27 January 2015

𝘚𝘰𝘯 𝘰𝘧 𝘎𝘰𝘥, and cheesy Jesuses.


I’m guessing the original art came from their website. I didn’t get it from there though.

When Son of God hit the theaters last February, various people at my church were talking about it like it was the Second Coming of Christ. A Jesus movie! In the theaters! In wide release; not only playing in hard-to-find specialty theaters in Sacramento and San Francisco! Produced by Hollywood producers! (Well, Mark Burnett and Roma Downey, anyway; she got to play Jesus’s mom.) Public vindication of everything we Christians hold dear!

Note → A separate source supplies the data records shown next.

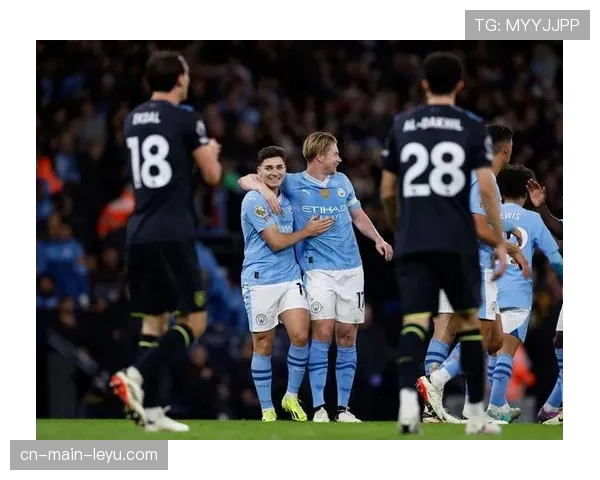 英超内战外战表现对比 欧冠赛场战术风格多元碰撞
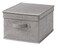 Whitmor Storage Box with Lid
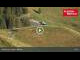 Webcam in Achseten, 5.2 km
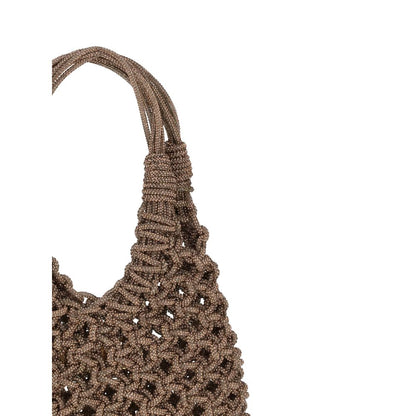 Vannifique Handbag small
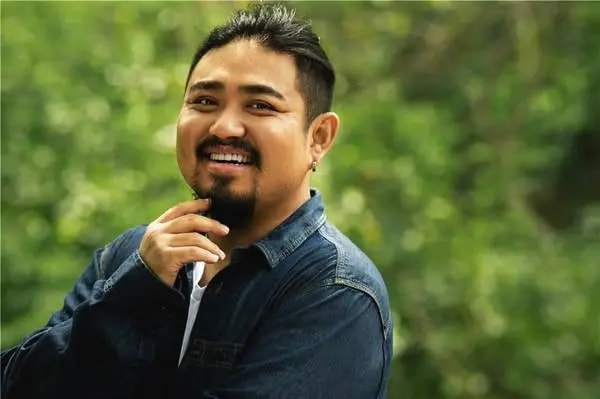 沈腾马丽搞综艺？开心麻花来了一大半，能否扛起搞笑真人秀的大旗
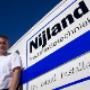Nijland Installatietechniek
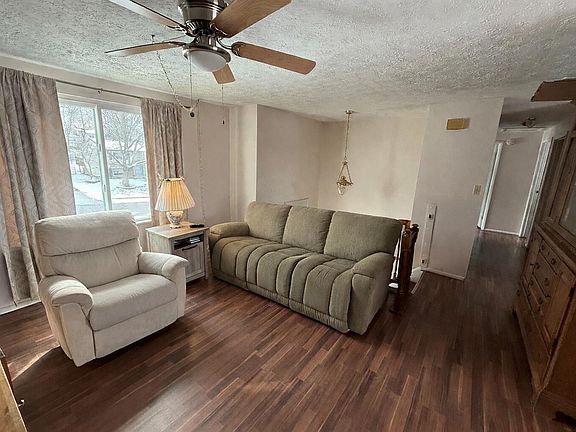 2nd image of 3323 Northway Dr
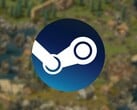 Stronghold: Definitive Edition está disponível no Steam com 71% de desconto até 15 de outubro.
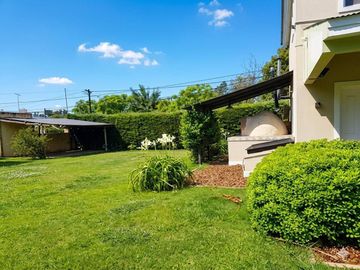 VENTA CASA QUINTA 5 AMB 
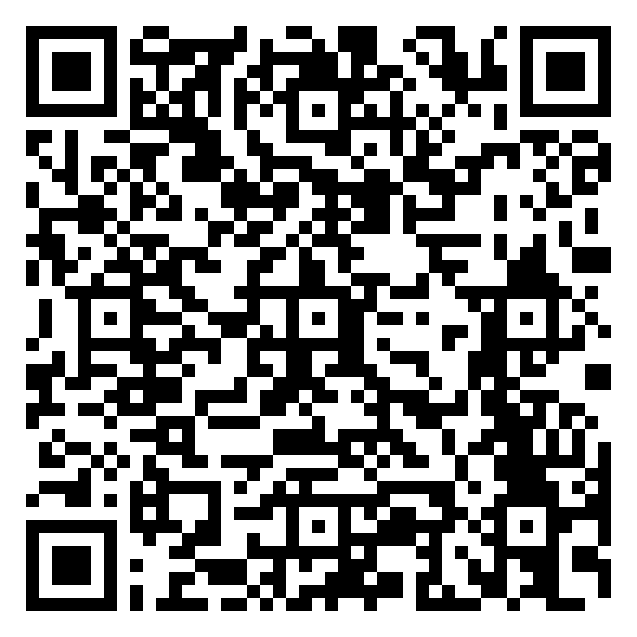 kod QR z danymi kontaktowymi 14104372100000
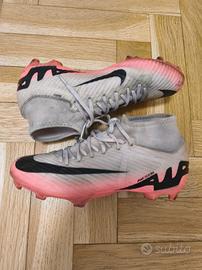 ⚡Nike Mercurial Superfly Rosa ⚡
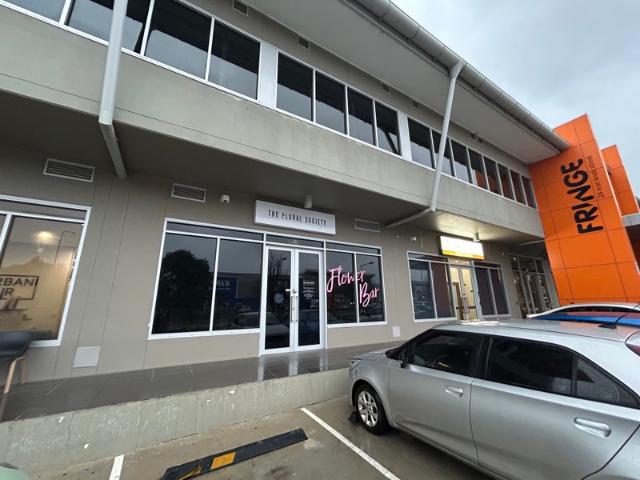 Retail for rent in Canberra, Australian Capital Territory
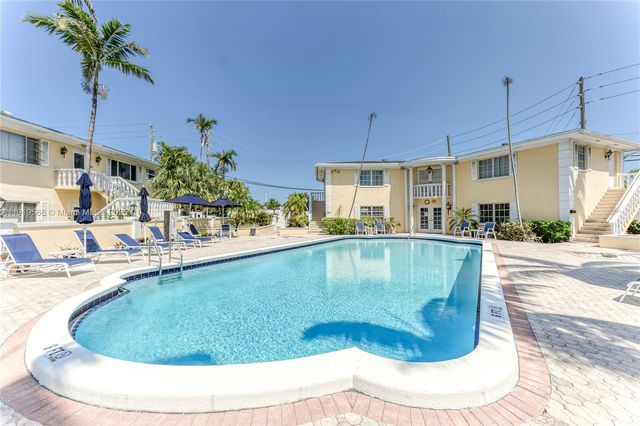 5840 NE 22nd Way 725, Fort Lauderdale, FL 33308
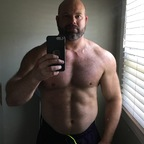 View beastmode1980 (Beastmode) OnlyFans 3 Photos and 12 Videos leaks 

 picture 1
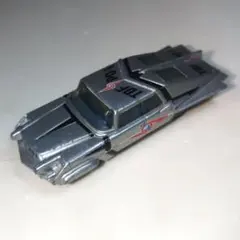 【激レア】キャラウィール cw1 ポインター ウルトラセブン — image 1
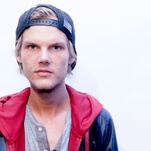 A new Avicii album is due in June, over a year after his death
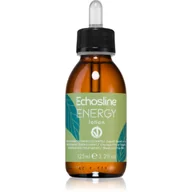 Maski do włosów - Echosline Energy, lotion o działaniu wzmacniającym włosy i skórę głowy, 125ml - miniaturka - grafika 1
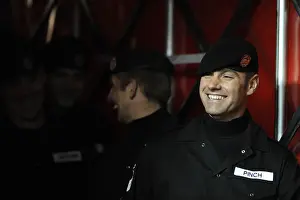 Bristol City vs AFC Wimbledon Clash in Johnstone's Paint Trophy at Ashton Gate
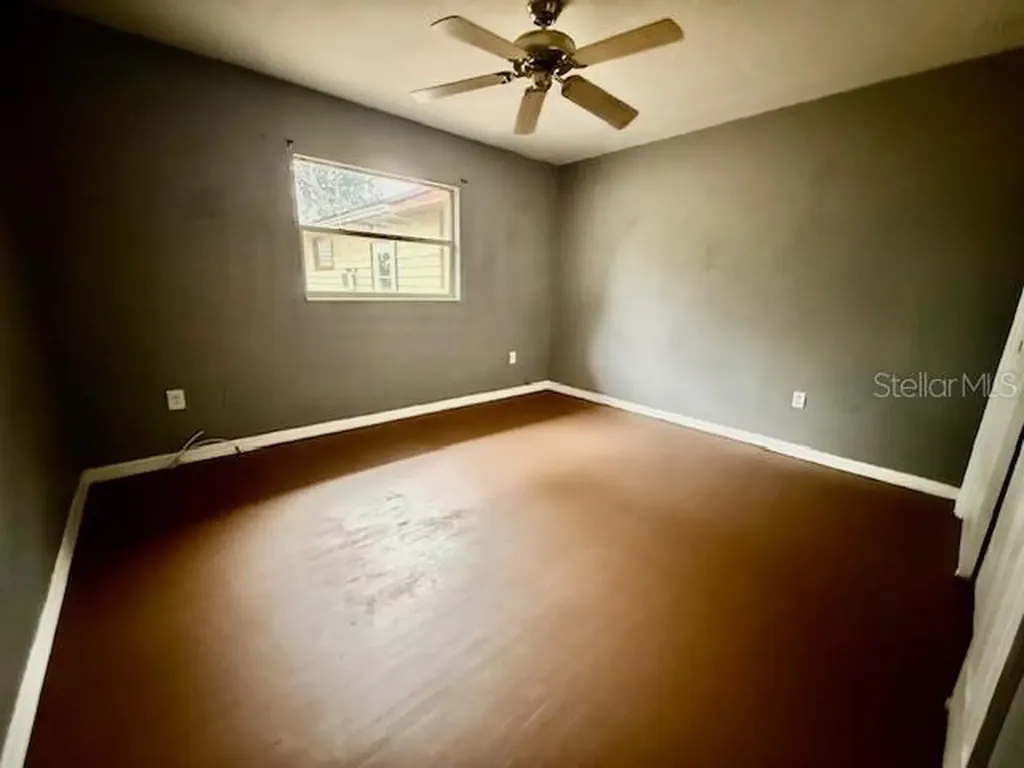 4 Sunshine Boulevard Deland FL 32724
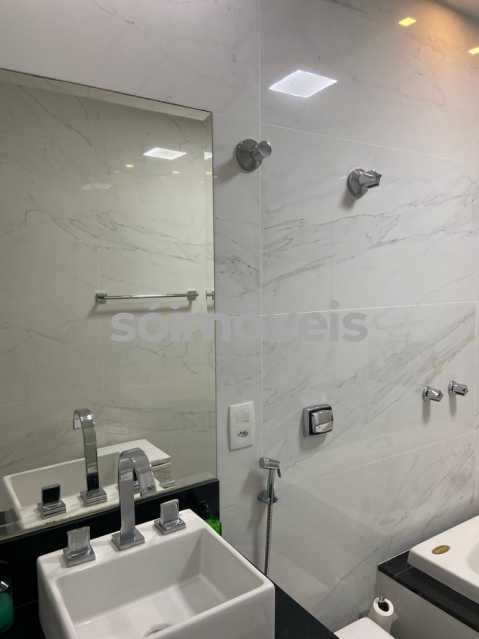 1334b546-d216-498e-82b8-148bae - 20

I got in some minor trouble at church ’cause I had made, in the church’s coming-announcements video, some joking comments about how jazzed Christians were about the movie. They didn’t appreciate it, and complained to the pastor. He asked me to refrain from the commentary, and just give the announcements. So if you attend my church, and have always wondered why I stopped making comments and jokes in the announcement video, that’s why: We got complaints from the humor-deprived, and we decided it was easier and better to not offend them, then entertain.

This week I decided to kill two hours, 18 minutes (well, less; I skipped the credits) by watching Son of God on Netflix. So now I’m gonna rant about it.

I am not one of those Christians who’s just thrilled to pieces every time someone decides to pander to my demographic. If you’re gonna write Christian novels, create Christian pop music, produce Christian movies, and otherwise manufacture things which are meant to entertain me, I expect them to be at the same level of quality—ideally better—than the stuff pagans produce. If Christians are, as we claim, doing this stuff for the Lord, we owe him no less than the best-crafted stuff in the cosmos. You know, like the Renaissance artists were cranking out.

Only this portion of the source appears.